Cum hutbesinde ‘Ramazan ve infak’ konusu işlendi.

İnfak ne demek önce size ondan bahsetmek istiyorum.

İnfak, Allah'ın rızasını kazanmak amacıyla müminin kendi servetinden harcama yapmasıdır. Eşine, dostuna, akrabalarına, ihtiyaç sahiplerine yardımda bulunmasıdır. Allah'ın kendisine lütfettiği zenginlikten başkalarını da faydalandırmasıdır. Kardeşinin gönlünü yapması, olmayana yardım etmesi olana da ikram etmesidir. Resûl-i Ekrem (s.a.s) bir hadis-i şeriflerinde infak ve sadakanın karşılıksız kalmayacağına ve mükâfata dönüşeceğine şöyle işaret etmektedir: "Kuşkusuz sadaka, Rabbin gazabını söndürür ve kötü bir şekilde ölmeyi önler."
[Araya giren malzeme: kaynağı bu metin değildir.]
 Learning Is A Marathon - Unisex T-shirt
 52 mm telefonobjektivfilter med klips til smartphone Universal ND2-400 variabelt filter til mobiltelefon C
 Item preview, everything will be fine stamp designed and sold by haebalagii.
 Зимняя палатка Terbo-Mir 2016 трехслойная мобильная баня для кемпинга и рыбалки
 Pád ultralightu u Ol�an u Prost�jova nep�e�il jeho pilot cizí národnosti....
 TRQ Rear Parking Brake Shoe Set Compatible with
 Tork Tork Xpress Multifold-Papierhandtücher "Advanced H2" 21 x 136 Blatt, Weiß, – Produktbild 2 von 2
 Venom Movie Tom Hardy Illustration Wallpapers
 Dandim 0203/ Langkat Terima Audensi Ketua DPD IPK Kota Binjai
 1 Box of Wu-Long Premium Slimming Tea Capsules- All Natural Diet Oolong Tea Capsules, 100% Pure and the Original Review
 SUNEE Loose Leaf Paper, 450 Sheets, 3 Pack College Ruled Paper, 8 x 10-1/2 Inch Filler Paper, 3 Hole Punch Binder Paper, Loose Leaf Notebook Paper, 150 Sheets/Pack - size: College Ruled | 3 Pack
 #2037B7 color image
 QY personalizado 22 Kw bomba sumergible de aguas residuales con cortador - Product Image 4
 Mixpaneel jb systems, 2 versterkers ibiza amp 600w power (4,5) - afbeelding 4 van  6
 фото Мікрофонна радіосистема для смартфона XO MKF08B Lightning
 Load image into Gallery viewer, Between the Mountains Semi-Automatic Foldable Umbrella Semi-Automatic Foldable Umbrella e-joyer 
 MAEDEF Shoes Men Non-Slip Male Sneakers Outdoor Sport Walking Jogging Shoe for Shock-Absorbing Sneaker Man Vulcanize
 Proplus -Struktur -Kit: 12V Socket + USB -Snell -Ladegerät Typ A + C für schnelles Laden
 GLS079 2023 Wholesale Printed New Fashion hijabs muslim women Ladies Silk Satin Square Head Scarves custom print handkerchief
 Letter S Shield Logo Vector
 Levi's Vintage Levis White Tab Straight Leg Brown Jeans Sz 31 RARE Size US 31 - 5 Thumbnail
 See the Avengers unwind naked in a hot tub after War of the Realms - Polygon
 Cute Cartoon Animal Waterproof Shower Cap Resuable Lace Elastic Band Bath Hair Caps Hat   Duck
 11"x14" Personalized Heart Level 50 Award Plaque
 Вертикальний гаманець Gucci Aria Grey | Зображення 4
Peki hangimiz infak ediyoruz?

Hangimiz Allah'ın bizlere lütfettiği zenginlikten başkalarını da faydalandırıyoruz?

İnfak, insanın dünya malına karşı dengeli bir tavır almasını sağlar. Mal hırsıyla cimrilik etmeye de akılsızca saçıp savurmaya da engel olur. Kardeşlik ve paylaşma duygularını geliştirir.

Ancak bizler tam aksini yapıyoruz. Cimrilik yapıyoruz, akılsızca saçıp savuruyoruz. 5 yıldızlı otellerde iftar (israf) sofraları düzenliyoruz.

Bununla ilgili hutbede de söylendiği gibi Yüce Rabbimiz Kur'an-ı Kerim'de şöyle buyurur: "Sevdiğiniz şeylerden Allah yolunda harcamadıkça iyiliğe asla erişemezsiniz. Her ne harcarsanız Allah onu bilir."

Kısacası biz müslümanlar yardımlaşmayı, dayanışmayı, infakı hayatın merkezine yeniden almamız şart.

Bencillik, mal düşkünlüğü, güç ve çıkar tutkusu, gösterişe dayalı hayatlardan uzak duralım…

Ramazan’ımız, tuttuğumuz, tutacağımız oruçlar kabul olsun.